I am not convinced  that the proscriptive provisions in the IRC will prevent the wind failure shown.  In addition the IRC provisions are regularly applied to buildings that may meet the letter of the code but are not consistent with the intent.


----------



## GHRoberts (Oct 21, 2010)

It is easy to build two homes and load both until one fails. The question that comes to mind is at what loading did the second home fail? Maybe it failed 2 minutes later - not a significantly better design. Maybe it failed at a 50mph greater wind speed - a significantly better design.

But we don't know.

We also don't know if other solutions that might be cheaper are better.


----------



## Robert Ellenberg (Oct 21, 2010)

They sepcifically said the failed house was built to standards used in the midwest.  Being a coastal state, SC probably has much higher standards and the IRC wind charts require higher standards for all but the most Western portion of the state.


----------



## JBI (Oct 21, 2010)

Prescriptive design cannot be used above the specified wind speeds and in hurricane prone regions, it's not strong enough. If you build a single family following the prescriptive provisions to the letter, you would have a home that is slightly better than the least you can legally build. An Engineer could actually design a compliant structure that is 'less'.


----------



## DAF (Oct 28, 2010)

The October 27, 2010 edition of the "Coastal Connection" has an article on this test.   Here is an comment in the article: "Explains IBHS spokesman, Joe King, “During straight line winds of about 110 mph, the front door of the home failed and blew open. Approximately four seconds after the front door blew open, the home was blown completely off the foundation and destroyed."

Maybe we need to improve the opening protections more?   How long would the building stood if the door didn't fly open?


----------



## mtlogcabin (Oct 28, 2010)

> How long would the building stood if the door didn't fly open?


DAF Welcome to the board

Any breach in the building envelope will cause a failure that is why a lot of changes came into the codes after hurricane Andrew with regard to wind loads and windows and garage doors. Agree there should be something for all doors.


----------



## brudgers (Oct 28, 2010)

mtlogcabin said:
			
		

> DAF Welcome to the boardAny breach in the building envelope will cause a failure that is why a lot of changes came into the codes after hurricane Andrew with regard to wind loads and windows and garage doors. Agree there should be something for all doors.

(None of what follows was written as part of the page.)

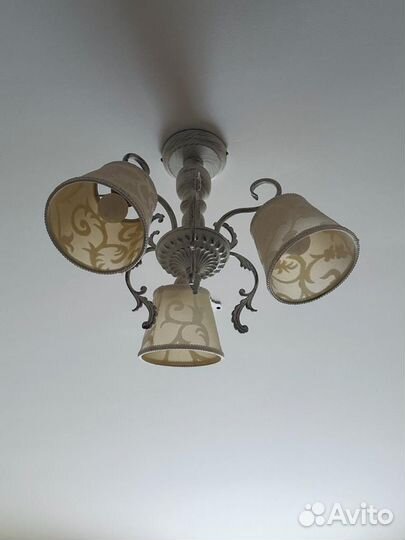 Ремонт и отделка квартир.Электрика и сантехника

Actually, buildings can be designed to withstand breaches of the envelope. The just need to be designed as partially enclosed rather than enclosed. In their infinite wisdom (i.e. the need to support  insurance carriers) the IRC does not allow for partial enclosure.

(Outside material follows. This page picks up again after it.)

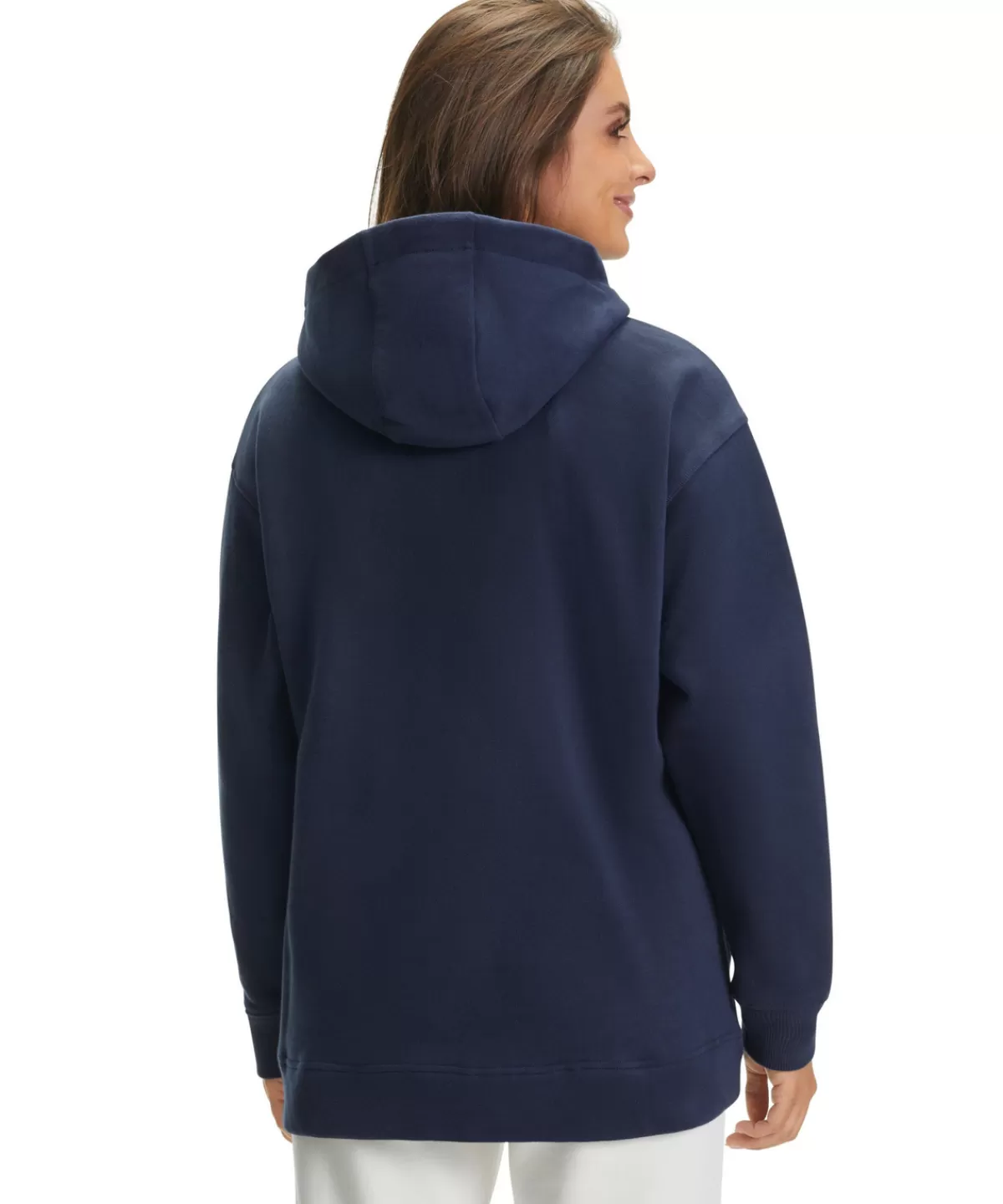 Damen Pullover Kapuze^FALKE Outlet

A home designed for partial enclosure won't experience structural failure when the openings are breached because connections are sized for the additional load. It provides greater life safety than any kind of opening protection but is more likely to result in water infiltration and hence higher insurance claims.


----------



## Builder Bob (Oct 28, 2010)

The prescriptive codes want you to build a box - porch projection of less than 4 feet, wall height of no more than 12 feet, with a moderate pitched roof.......Otherwise it is an irregular buuilding and may require engineering...........................

If you don't want a box, get an engineer....


----------



## GHRoberts (Oct 28, 2010)

brudgers said:
			
		

> Actually, buildings can be designed to withstand ... The just need to be designed as ...

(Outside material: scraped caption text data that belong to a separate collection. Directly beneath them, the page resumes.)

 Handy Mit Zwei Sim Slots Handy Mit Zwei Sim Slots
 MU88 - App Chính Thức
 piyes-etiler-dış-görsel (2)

A good portion of building design is in the engineering assumptions. And the occupants ensuring the assumptions are true.

Typical tornado shelter design assumes that all 3 dead bolts are locked. Without that the door fails and the engineering changes.

One can assume that in a hurricane 3 dead bolts in the door will keep the door closed, but someone needs to lock them.

So does one pay a lot more for a "partially enclosed design" or does one trust the occupant to lock the doors? It is tough to set design standards.


----------



## brudgers (Oct 29, 2010)

GHRoberts said:
			
		

> A good portion of building design is in the engineering assumptions. And the occupants ensuring the assumptions are true.Typical tornado shelter design assumes that all 3 dead bolts are locked. Without that the door fails and the engineering changes.
> 
> One can assume that in a hurricane 3 dead bolts in the door will keep the door closed, but someone needs to lock them.
> 
> So does one pay a lot more for a "partially enclosed design" or does one trust the occupant to lock the doors? It is tough to set design standards.


Partially enclosed design can add to the cost of the structure, but structure tends to be cheaper than opening protection.

For what it's worth, typical porches, carports, screen rooms, etc. require design as partially enclosed.


----------



## RJJ (Oct 30, 2010)

I saw this on tv when it was first aired. The question I have is just what was the difference between the two structures? Was it a continuous wind or with gusts? Was the one that failed built to the prescriptive requirements or was what? Sorta of reminds me of the three little pigs. Should we jump to the conclusion that the home that failed wasn't built to code! What code was employed!


----------



## Belly John (Nov 1, 2010)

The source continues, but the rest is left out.